Lacking substance or quantity; lacking vitality. Peaked. Sickly.

Gee, I’m a bearer of glad tidings, aren’t I?

I’m looking at the USDA’s latest financial forecast and the numbers are positively Scrooge-like. Before the ghosts visit.

Crop receipts in 2009? A $20 billion drop from 2008 and even less than in 2007. Livestock receipts? Down $23 billion, to 2006 livestock income levels. Government payments went mostly to cotton, rice and other non-Corn Belt commodities.

And I even hate to mention cash expenses of $246 billion, a huge jump from the $193 billion average for the past 10 years.

The bottom line — net farm income — will drop in the average farm household 3.5 percent. I know many of you will feel an even larger drop. Nationwide, U.S. real net farm income is forecast at $54 billion, the lowest since 2002. The 10-year average is $70.4 billion.

Enough of the bad news, isn’t there any good economic news to report?

A little.

The best news is that economists say our recovery is under way.
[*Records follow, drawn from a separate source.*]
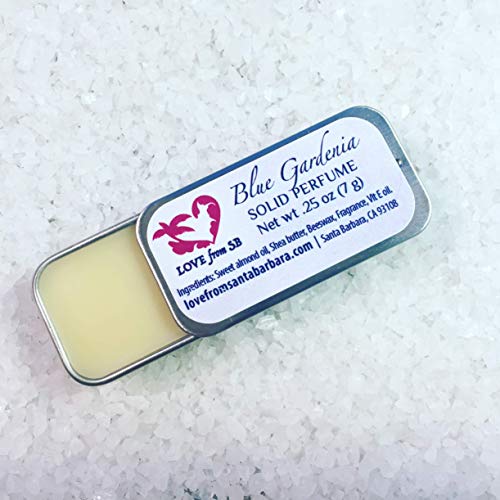 Compact Personal Blue Gardenia Solid Perfume | Luxurious Artisan Spa Gift for Her | Escape to the Islands | Convenient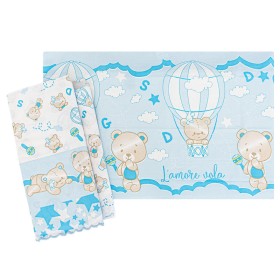 Lenzuola Lettino Neonato 60x120 cm Cotone Set 3 Pezzi Azzurro Orsetto Mongolfiera NG931-1 Nazareno Gabrielli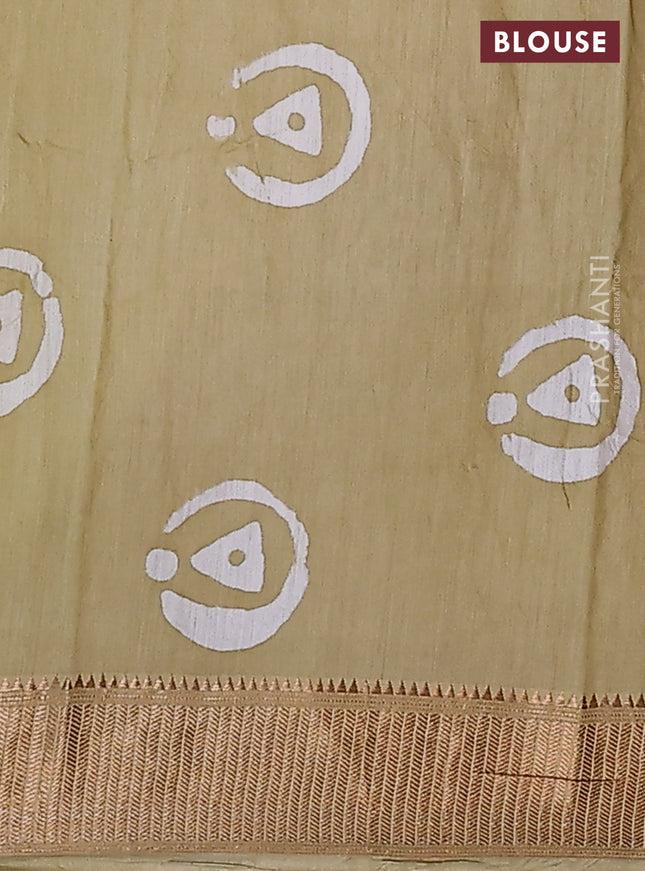 Semi chanderi saree sandal and off white with allover batik prints and zari woven border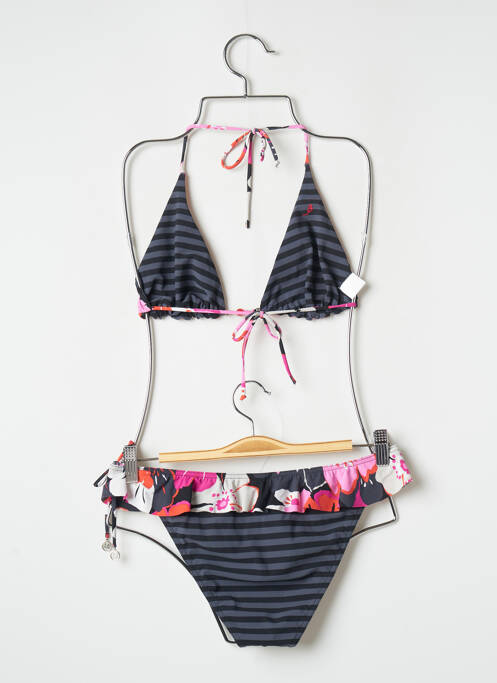 Maillot de bain 2 pièces stretch haut triangles gris BANANA MOON femme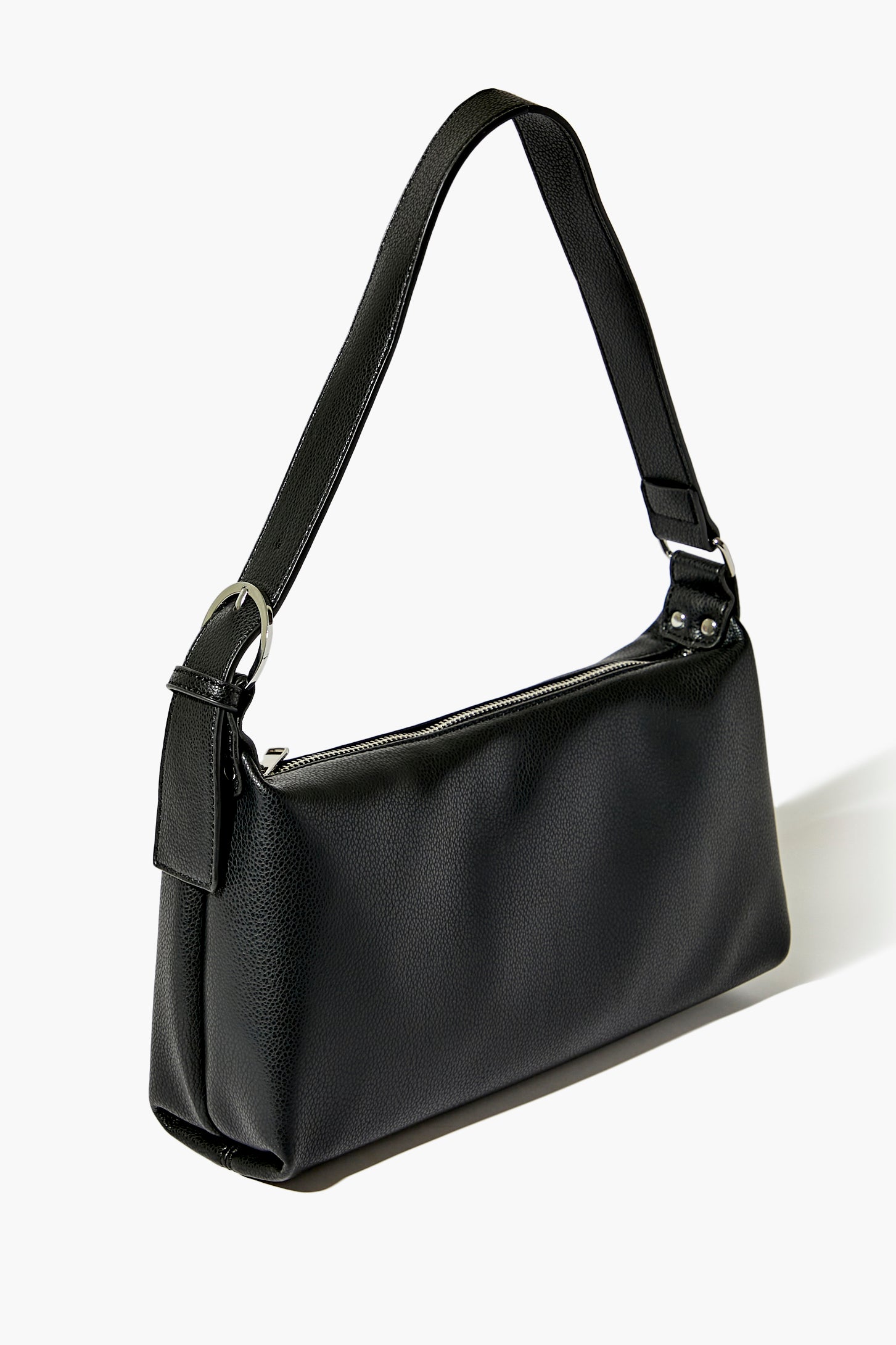 Black Faux Leather Shoulder Bag  1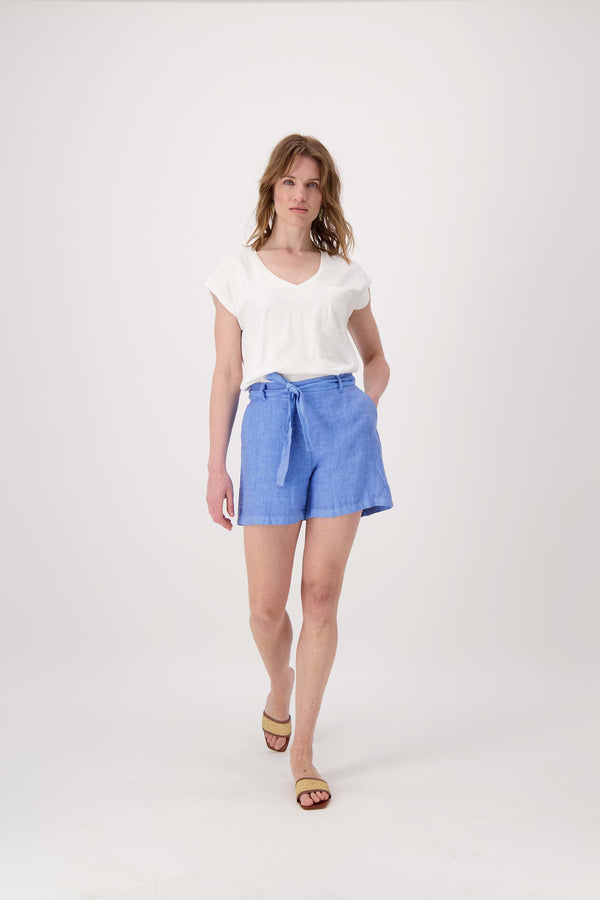 zusss linnen short met strik ceintuur lavenderblauw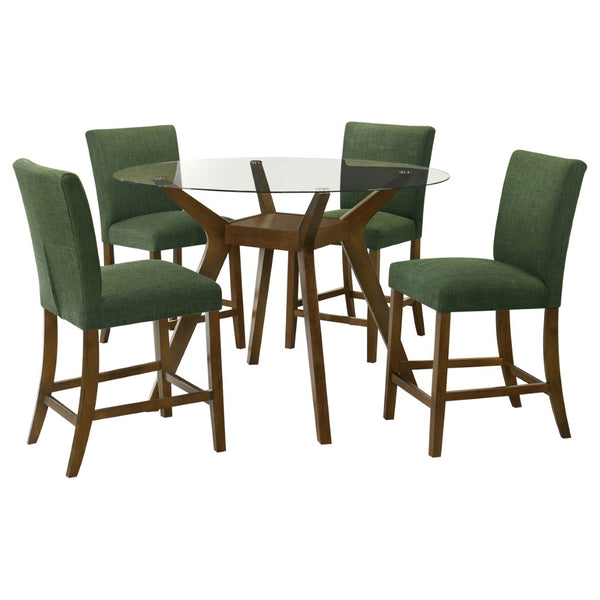 English Elm Flynn Round Glass Top Counter Height Dining Set with Sculptural Rubberwood Base Seats Four Brown / Green B062S02274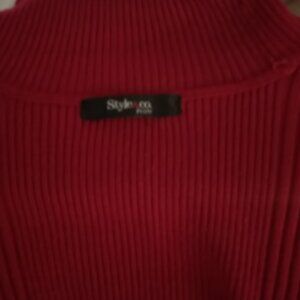 #12 Style & Co. Red Ribbed Turtleneck Sweater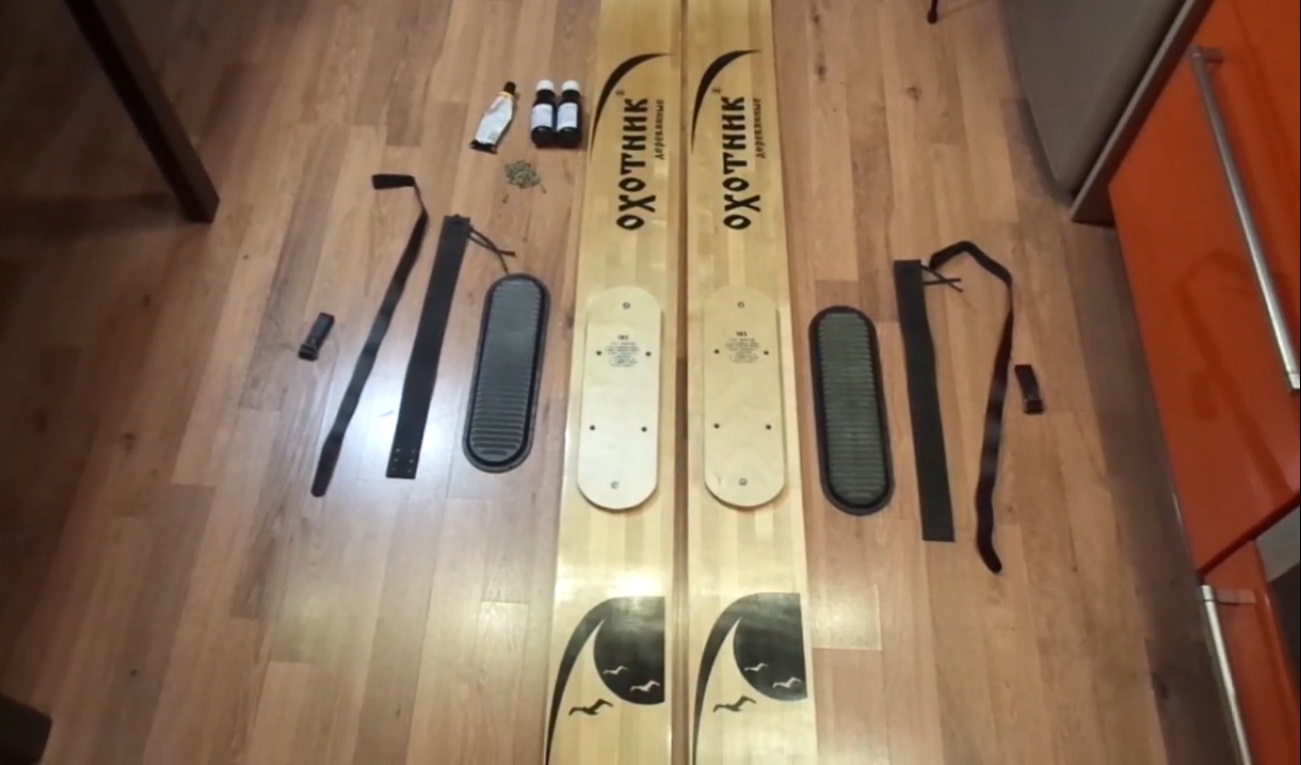 Новые лыжи охотника - крепления, пропитка смолой, деревянные охотничьи лыжи смотреть онлайн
Real GDP growth in the second quarter of 2009, while still in the negative column, shows strong signs of life. Both manufacturing and nonmanufacturing activity was higher in September 2009 than it was in September 2008.

But (those economists always have a ‘but’), the rebound all depends on consumer spending.

Here in agriculture, we’re not so concerned with houses or Blu-Ray players, but with food purchases. Spending on milk and beef and pork and poultry all fall during a recession. In 2008, away-from-home and at-home food sales in the U.S. both dropped about 3 percent from 2007. In 2009, away-from-home food sales dropped another 6 percent and at-home food sales fell just over 3 percent.

And if you think that doesn’t make a difference, think again. We’re talking monthly retail and food sales of $380 billion that careened to around $336 billion last December. We’re still averaging less than $350 billion/month in food sales. (All of 2006 hovered around $360 billion/month and 2007 averaged around $370 million/month.)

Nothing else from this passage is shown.